Então hoje é dia dos pais, longe de mim querer ser a amargurada que estraga a comemoração alheia, mas, – sei que você está pensando que nada de bom vem depois do mas – pode relaxar que esse é só mais um texto de inicio de tarde. Pra começar, o dia de hoje sempre foi um dia comum sem qualquer sentido mais íntimo para a minha pessoa, nunca precisei comprar cuecas ou meias para presentear alguém.

Cresci ouvindo que deveria ser uma menina boazinha, comer legumes e aprender a me virar sozinha, lição dura que parecia urgente ser captada desde cedo e na marra como ela também tivera que aprender. Ela é como chamarei uma pessoa de um metro e sessenta, que cresce além das nuvens quando preciso, também conhecida como minha mãe. Acontece que o campo filiação nos meus documentos é meio preenchido, meio em branco, se para aquela garota magricela isso nunca fez diferença, para a moça adulta muito menos.
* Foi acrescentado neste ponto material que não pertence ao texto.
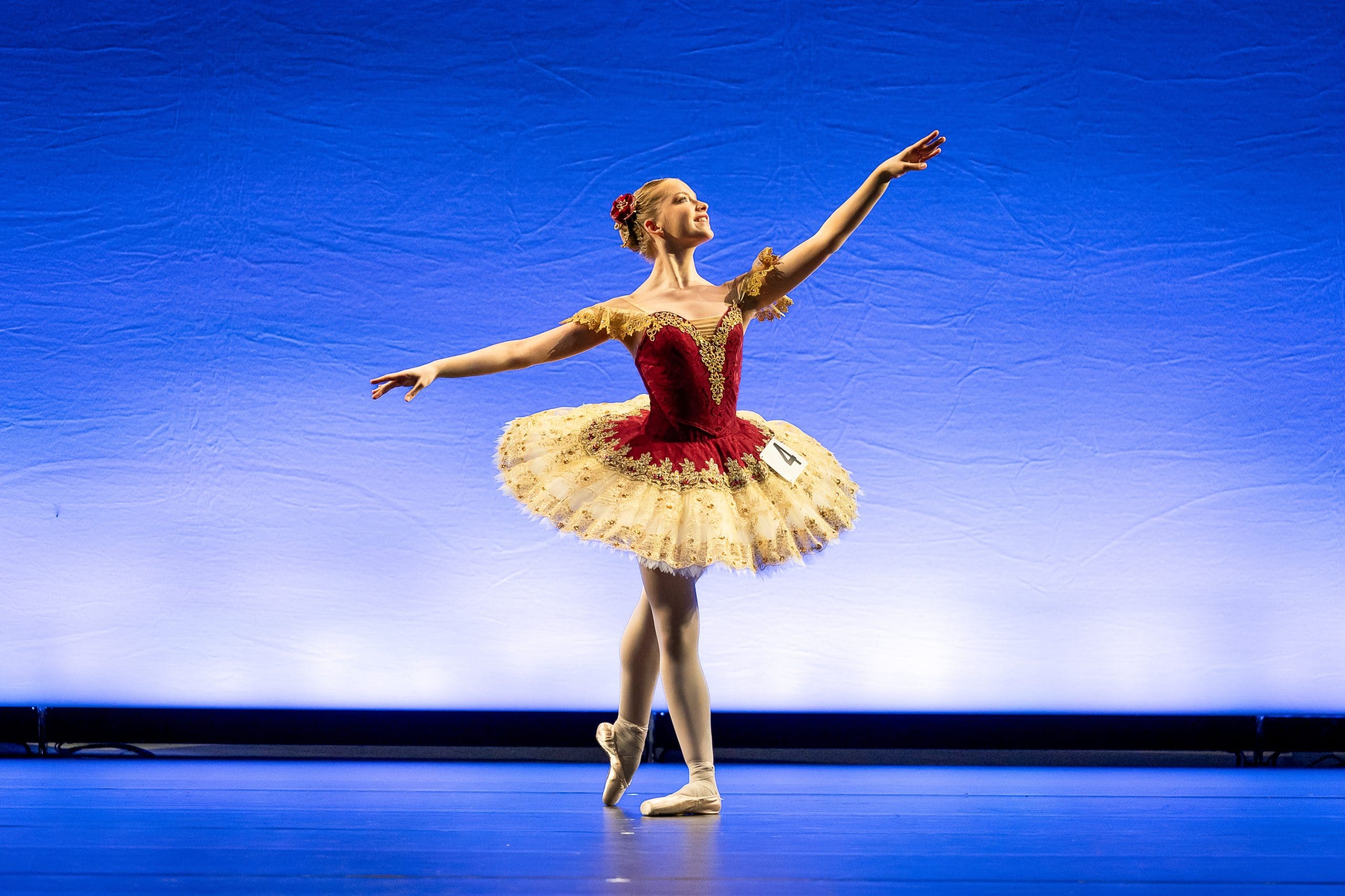 RAD fonteyn medalists Lucia Moore HR 2 scaled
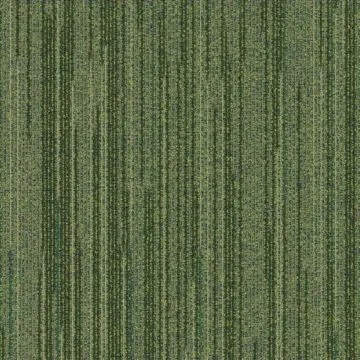Ковровая плитка Balsan (Балсан) Batik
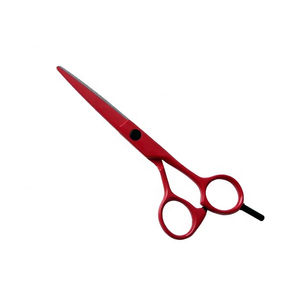 Ciseaux de coiffure et ciseaux de barbier japonais en acier inoxydable de haute qualité 2026 – Meilleure qualité - Product Image 3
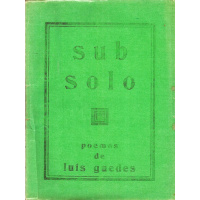 guedes_l_sub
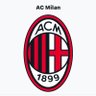 Son Of Maldini 🐐's profile picture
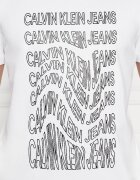 Calvin Klein Jeans Tricou | Regular Fit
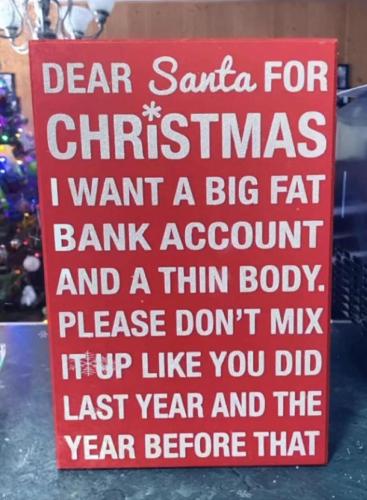 00:35:16 GMT-0800 (PST).image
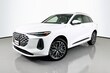 Audi All-new Q5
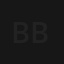 Bindarra Commercial Brokers logo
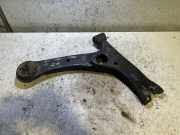 Querlenker vorne TOYOTA COROLLA Verso (ZER_, ZZE12_, R1_) 2.0 D-4D (CUR10_)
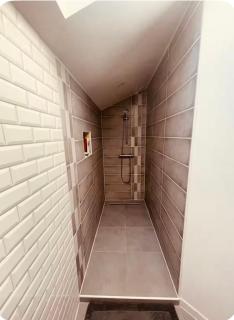 Maison charmante - 3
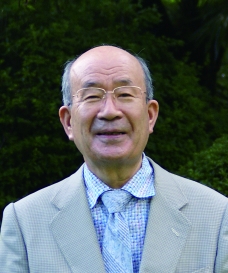 001中村雲龍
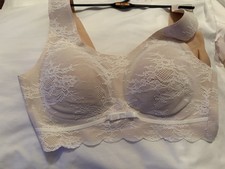 BRAND NEW SLOGGI ZERO FEEL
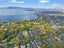 74B Grand Vue Road, Kawaha Point, Rotorua - Carousel 31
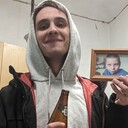  ,   Ivan, 25 ,     , c 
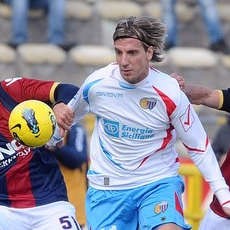 Allegri Antusias Sambut Lopez 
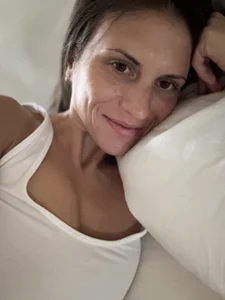 ScarlettNoirr In my own skin Pic 4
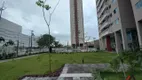 Foto 8 de Apartamento com 2 Quartos à venda, 55m² em Presidente Kennedy, Fortaleza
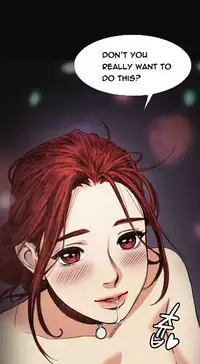 By Chance (Ep. 1-30) [English]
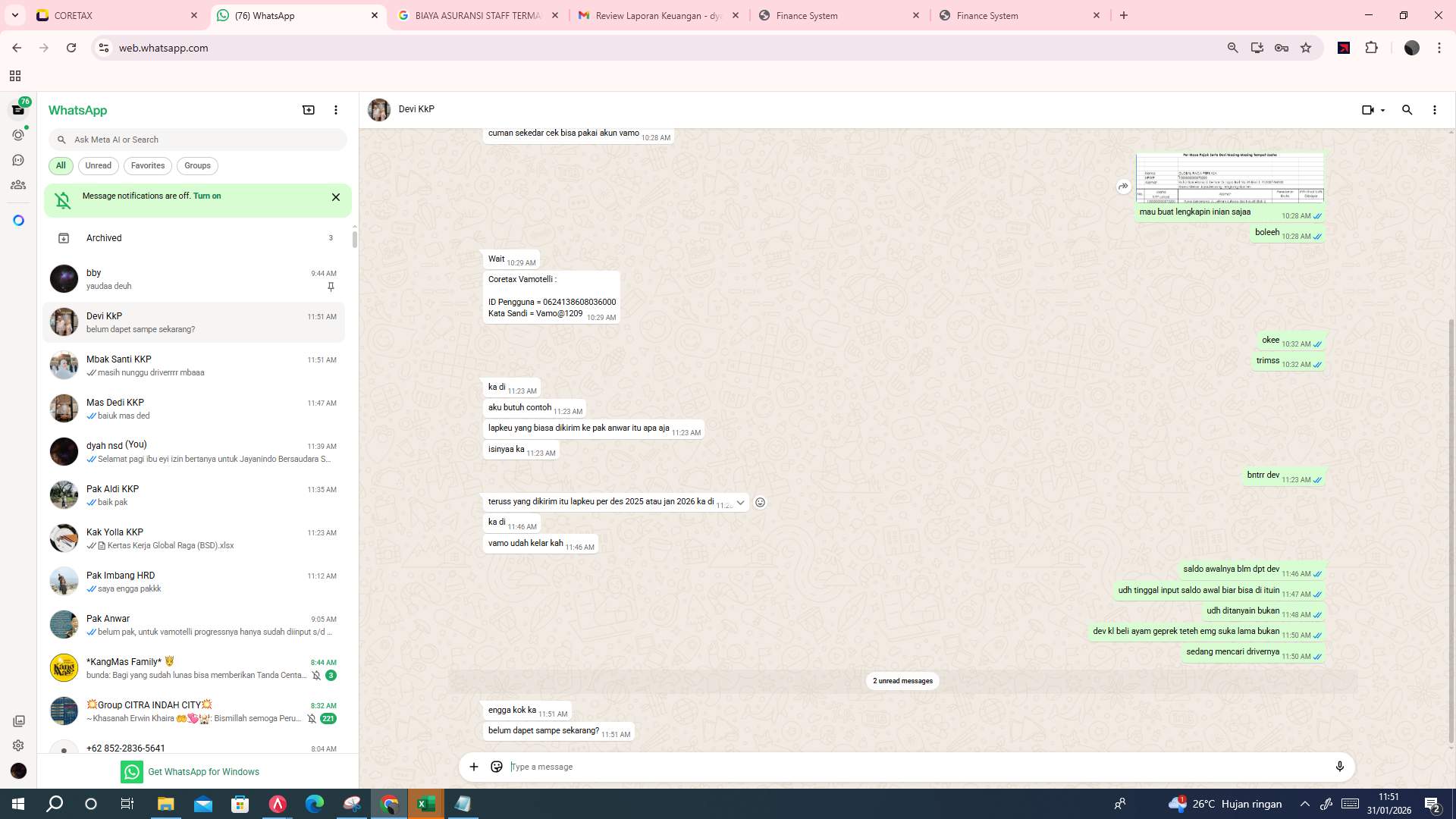 Screenshot 26a8a722-b1af-6a9c-54de-e894214862ba_2026-01-31_11-51-20_1.jpg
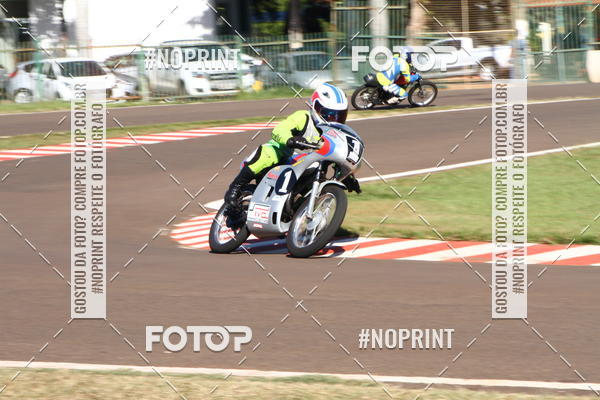 Buy your photos of the eventP na Tbua - Vintage Racing Brazil on Fotop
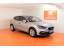 Seat Leon 1.0 TSI Reference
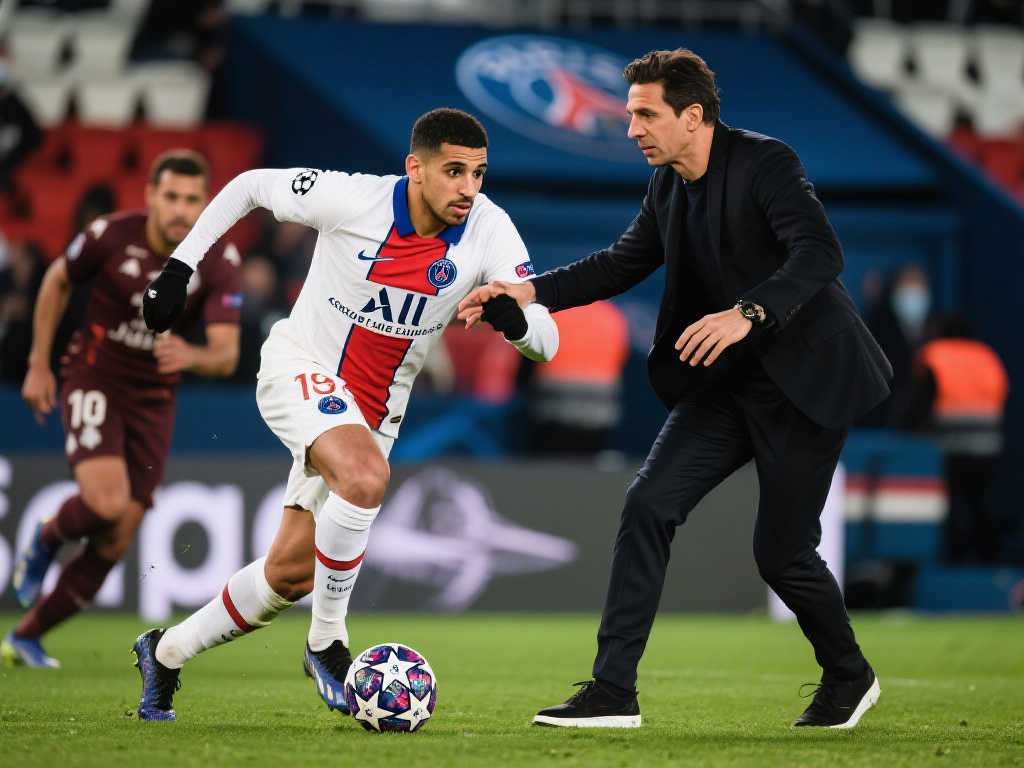 避免盲目追 避免盲目追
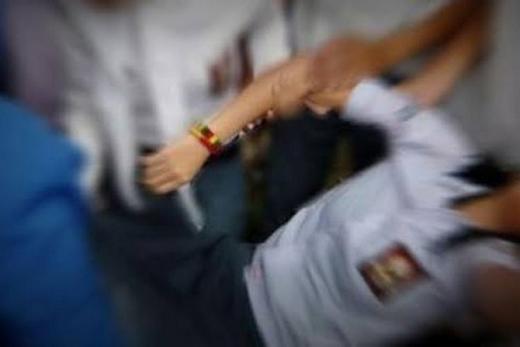 Diajak Jalan-jalan ke Jakarta, 4 Siswi SMA Jayapura Diduga Diperkosa Politikus-Pejabat Kementerian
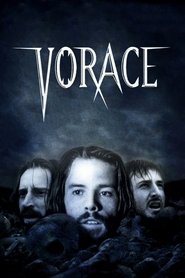 Vorace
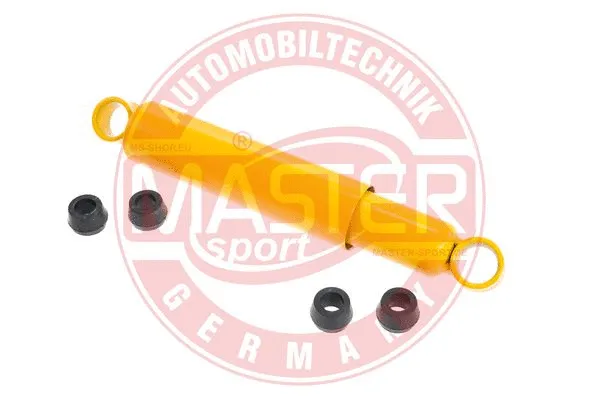 Shock Absorber (106005-SET/2/-MS)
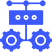 Adaptive Learning Systems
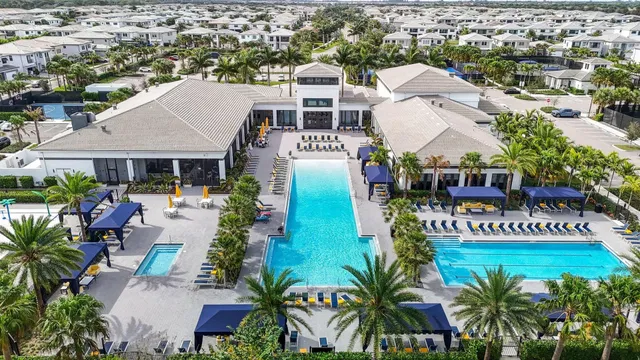 Lotus Palm Boca Raton Residence photo 100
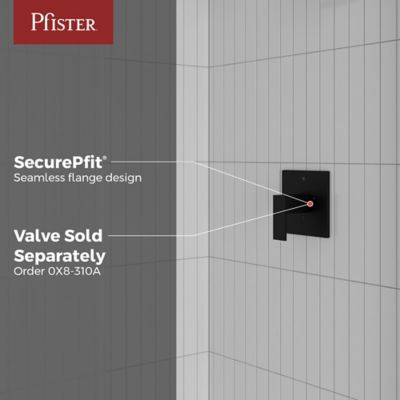 Product Thumbnail Image for pf_r89-1dmtsdb_img02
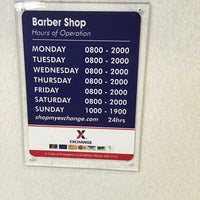 Schofield Barber Shop 2 Tips From 42 Visitors Schofield Barber Shop 2 Tips From 42 Visitors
Quando me perguntam se eu sofria com isso, só posso pensar na sexta-feira em que tive uma forte crise de bronquite, sendo obrigada a passar dois longos dias das férias no hospital e quando olhava para o lado da cama, sonolenta, dolorida, era ela quem estava lá, velando cada segundo do meu sono.

Confesso que estou carregando estás palavras desde o dia das mães, queria escrever algo pra ela, só não sei dizer o motivo de não conseguir dar cabo desses parágrafos, sempre escrevendo e reescrevendo, parecia que o fim jamais poderia ser achado, afinal, o que dizer sobre uma pessoa que viveu para que você pudesse hoje estar inteira e feliz? Sempre penso no que minha criação a custou, quantos sonhos ficaram para depois? Sei lá, esse é o trecho onde escrevo sem parar sobre o mais puro sentimentalismo que habita em mim.

Vamos ao fatos. Nesta data especial, quando era uma das poucas crianças que não tinha a quem escrever um cartão, não lembro de se quer me incomodar com isso, escrevia para ela independente de que data fosse, pois fora ela quem me ensinara a andar de bicicleta, ela quem segurara minha mão na hora de tomar injeção, ela quem suportara todo tipo de crise por ser mãe solteira e mesmo criança, sempre tive consciência do nível de gratidão que devia-a, algo imensamente proporcional ao amor que existia em nossa relação.

Quando eu me formei na faculdade, a foto de família parecia sobrar espaço, no entanto, era só observar o olhar orgulhoso por cada degrau que galguei, daquela que a vida toda encarara dupla jornada em ser pai e mãe, que parecia faltar lugar até mesmo para nossas silhuetas na imagem.

Fora as ilusões da vida, sou mulher bem formada e informada, e se sou o que sou, só devo a ela, o exemplo vivo que precisei para abastecer meus estudos antropológicos de menina curiosa. Acho que não sou a única a se sentir assim hoje, não menosprezamos famílias compostas de mais de uma figura, com seus papeis bem designados, mas a nossas realidades envolvem duas datas no ano para celebrar a mulher que domina como ninguém a arte de criar um filho. Então, feliz dia dos pais, Mãe!